Run a simple script on 96 vCPUs using Spot Fleet with c5.4xlarge or c5.9xlarge on 'job-shared' queue

#!/bin/bash
for i in {1..96}; do
    qsub -q job-shared -l instance_type=c5.4xlarge+c5.9xlarge -l ht_support=true -l spot_price=auto -- /path/to/script.sh
done

Since we specified instance_type=c5.4xlarge+c5.9xlarge, and spot_price=auto, this will create a spot fleet request with two instance types c5.4xlarge and c5.9xlarge and the total required capacity would be 96. Weighted Capacity for each instance type would be automatically calculated for c5.4xlarge and c5.9xlarge based on the value of ht_support. In this case the weighted capacity for c5.4xlarge would be 16 and the weighted capacity for c5.9xlarge would be 36. The Spot fleet would then create a corresponding number of instances depending on instance availability.

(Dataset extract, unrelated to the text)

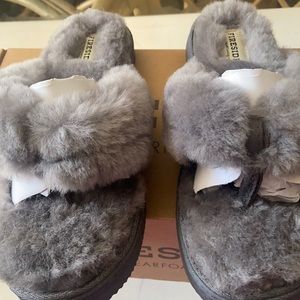 Fireside by Dearforms genuine shearling slippers
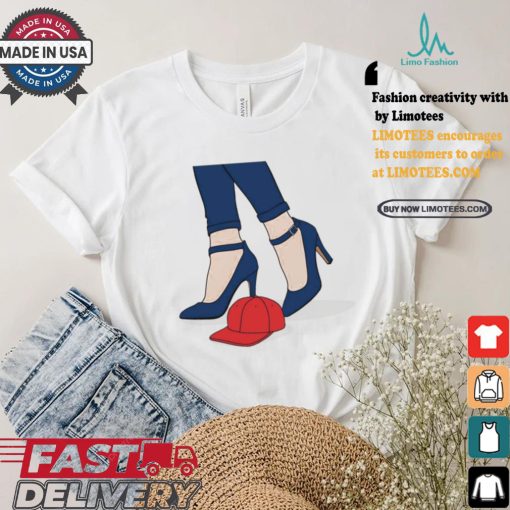 Official Blue Heels Stepping On Red Cat Kamala Harris t shirt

Run a script that requires 4 cores 24 times using Spot Fleet with c5.4xlarge or c5.9xlarge on 'job-shared' queue

#!/bin/bash
for i in {1..24}; do
    qsub -q job-shared -l instance_type=c5.4xlarge+c5.9xlarge -l ht_support=false -l select=1:ncpus=4 -l spot_price=auto -- /path/to/four_core_script.sh
done

Since we specified instance_type=c5.4xlarge+c5.9xlarge, and spot_price=auto, this will create a spot fleet request with two instance types c5.4xlarge and c5.9xlarge and the total required capacity would be 96 (24 jobs each requires 4 cores as ht_support is false). Weighted Capacity for each instance type would be automatically calculated for c5.4xlarge and c5.9xlarge based on the value of ht_support. In this case the weighted capacity for c5.4xlarge would be 8 and the weighted capacity for c5.9xlarge would be 18. The Spot fleet would then create a corresponding number of instances depending on instance availability.